**Exercise details:**
Return every record below exactly as written, omitting any pictures.

Short descriptive text snippets:
▼
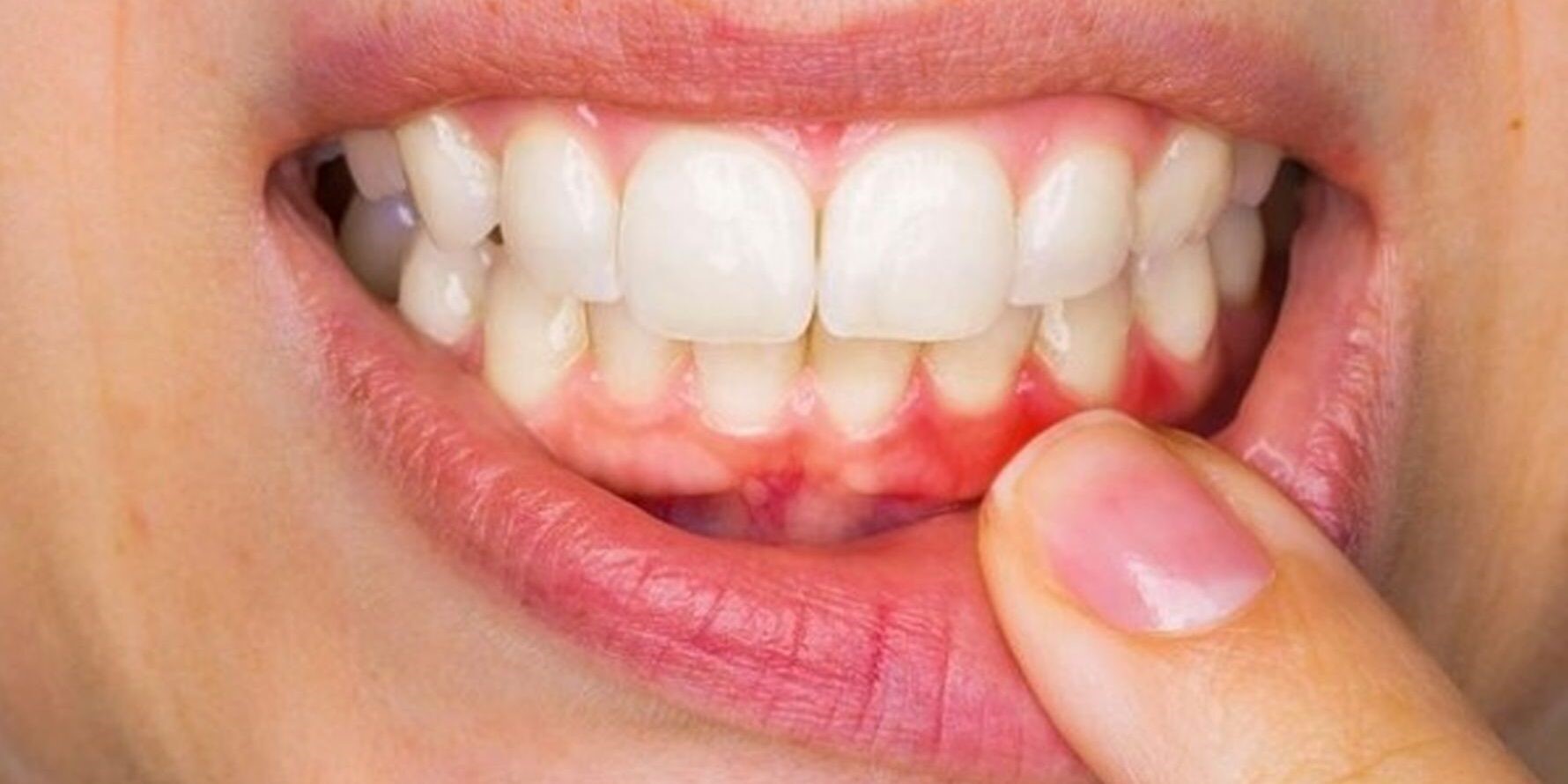 درمان بیماری‌های دهان و دندان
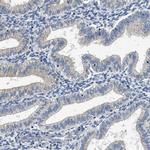 INHA Antibody in Immunohistochemistry (Paraffin) (IHC (P))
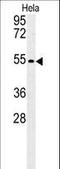 Kruppel Like Factor 17 antibody, LS-C165555, Lifespan Biosciences, Western Blot image 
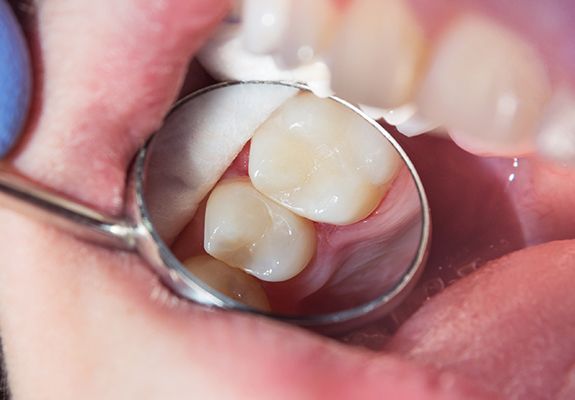 Dentist examining smile after tooth colored filling restoration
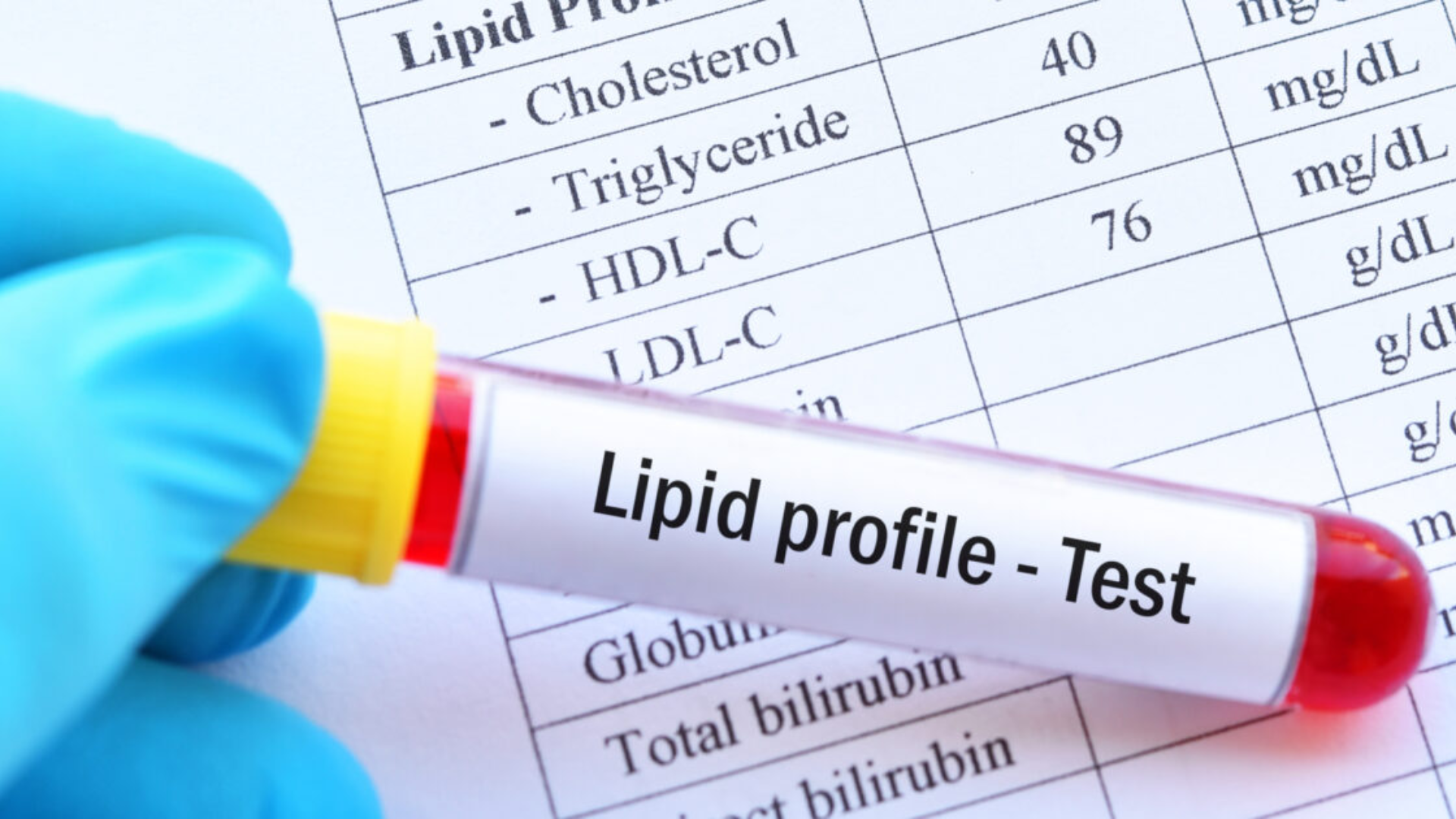 Gói xét nghiệm mỡ máu cơ bản thường có giá dao động từ 100.000 đến 200.000 đồng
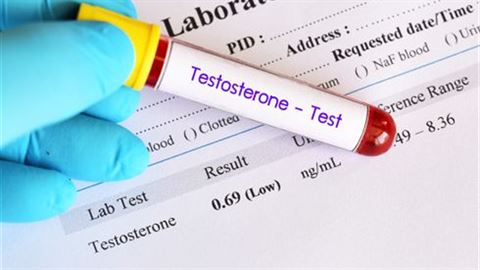 Low Testosterone and Sleep Deprivation Linked to Psoriasis Risk in Men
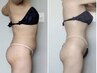 【40代人気!】座ると乗っかるお腹の肉‥今すぐ上半身痩せ!痩身 通常¥22000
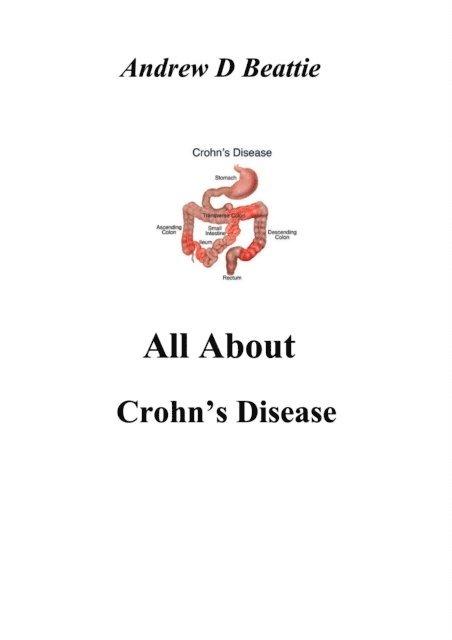 Andrew D Beattie - All About Crohn's Disease, E-bok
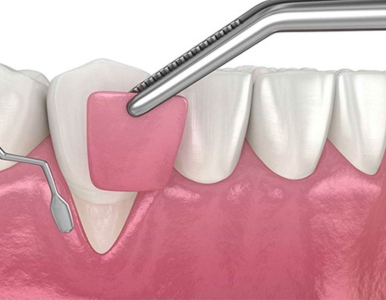 Nạo túi nha chu là gì? Nha khoa SV đường Cao Thắng quận 3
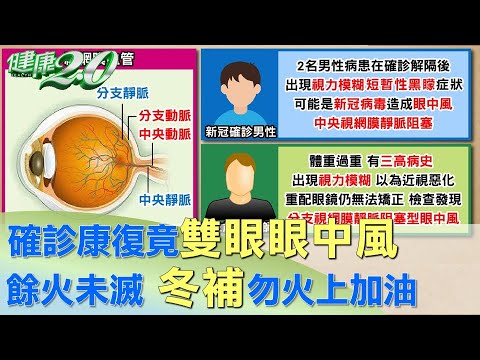 確診康復竟雙眼眼中風 餘火未滅 冬補勿火上加油 健康2.0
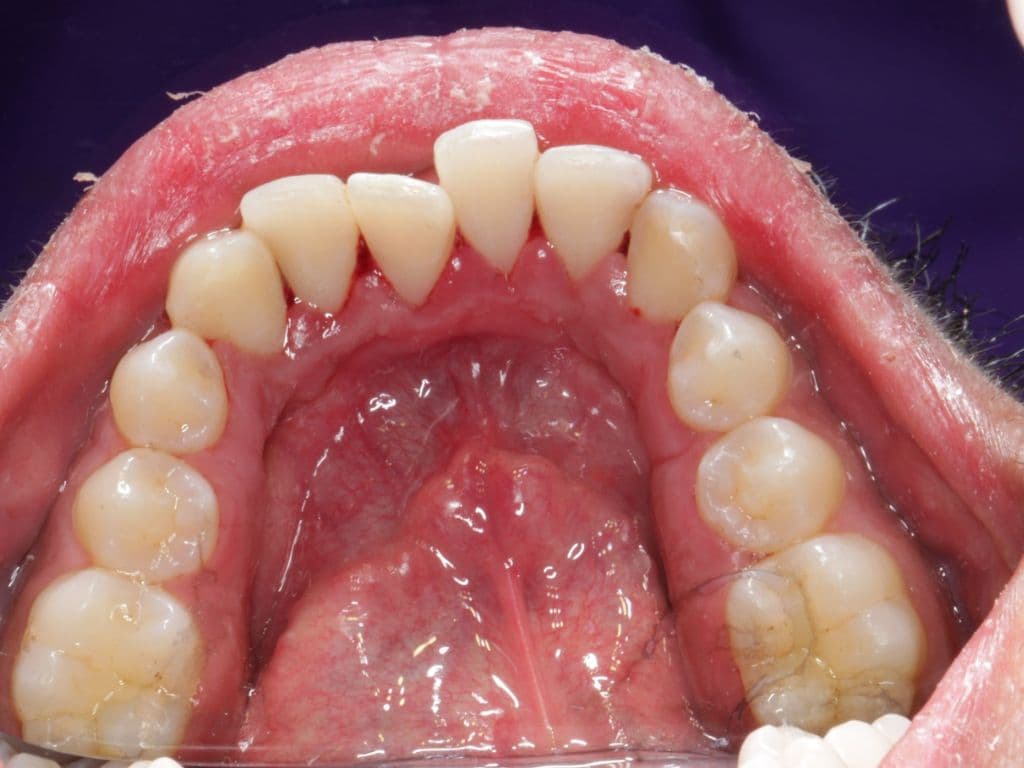 Before - Deep Scaling & Polishing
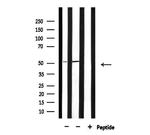 PFKFB1/PFKFB4 Antibody in Western Blot (WB)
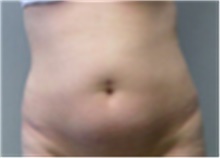 Mommy Makeover Before Photo by Mariam Awada, MD, FACS; ,  - Case 40276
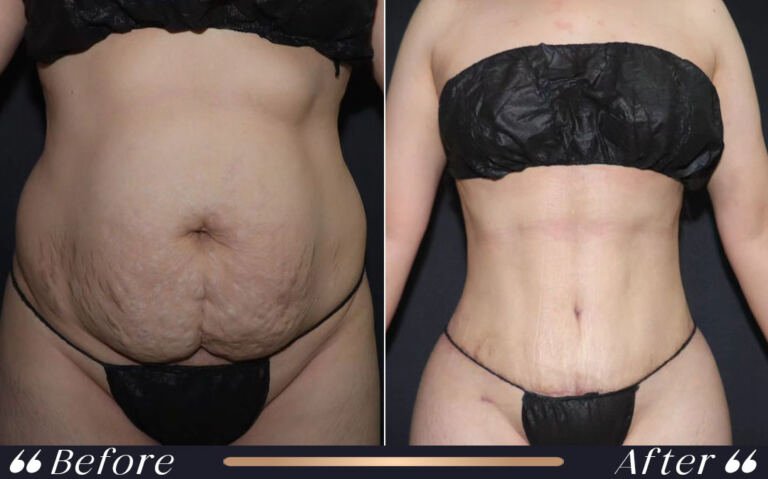 tummy_tuck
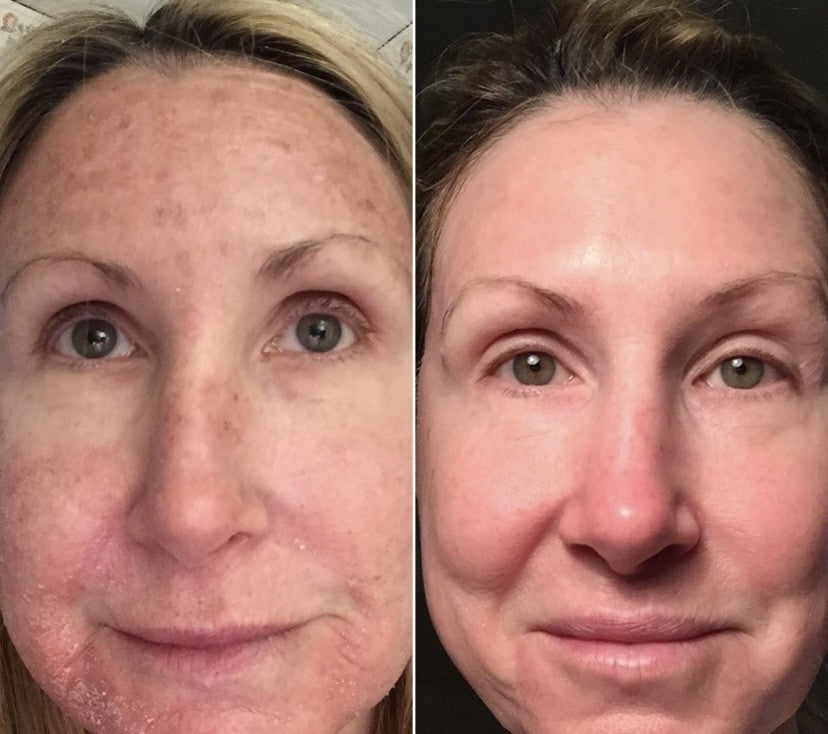 STAYVE - SÉRUM AC STEM GOLD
▲
**Answer section:**
 درمان بیماری‌های دهان و دندان
 INHA Antibody in Immunohistochemistry (Paraffin) (IHC (P))
 Kruppel Like Factor 17 antibody, LS-C165555, Lifespan Biosciences, Western Blot image 
 Dentist examining smile after tooth colored filling restoration
 Gói xét nghiệm mỡ máu cơ bản thường có giá dao động từ 100.000 đến 200.000 đồng
 Low Testosterone and Sleep Deprivation Linked to Psoriasis Risk in Men
 【40代人気!】座ると乗っかるお腹の肉‥今すぐ上半身痩せ!痩身 通常¥22000
 Andrew D Beattie - All About Crohn's Disease, E-bok
 Nạo túi nha chu là gì? Nha khoa SV đường Cao Thắng quận 3
 確診康復竟雙眼眼中風 餘火未滅 冬補勿火上加油 健康2.0
 Before - Deep Scaling & Polishing
 PFKFB1/PFKFB4 Antibody in Western Blot (WB)
 Mommy Makeover Before Photo by Mariam Awada, MD, FACS; ,  - Case 40276
 tummy_tuck
 STAYVE - SÉRUM AC STEM GOLD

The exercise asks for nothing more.